Output every line of the material exactly, omitting images.

RECORDED DATA:
= = = = =

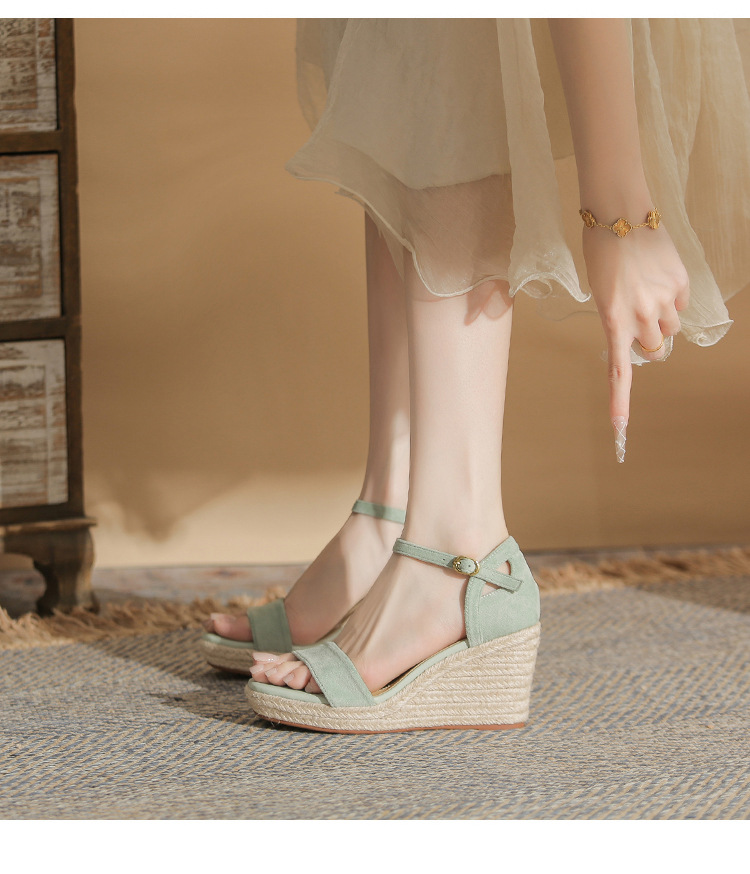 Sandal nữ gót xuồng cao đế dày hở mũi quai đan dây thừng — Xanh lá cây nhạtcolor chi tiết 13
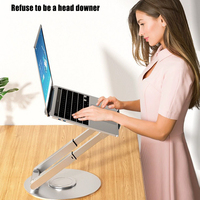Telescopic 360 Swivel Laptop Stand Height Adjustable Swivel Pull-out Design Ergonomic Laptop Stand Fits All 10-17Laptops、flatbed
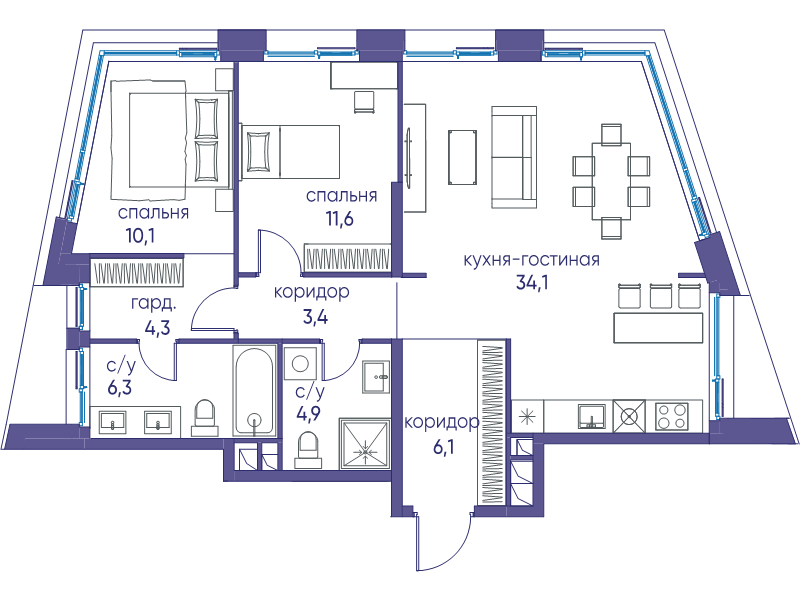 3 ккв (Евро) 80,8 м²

= = = = =

OUTPUT FOR THIS TASK:
 Sandal nữ gót xuồng cao đế dày hở mũi quai đan dây thừng — Xanh lá cây nhạtcolor chi tiết 13
Telescopic 360 Swivel Laptop Stand Height Adjustable Swivel Pull-out Design Ergonomic Laptop Stand Fits All 10-17Laptops、flatbed
 3 ккв (Евро) 80,8 м²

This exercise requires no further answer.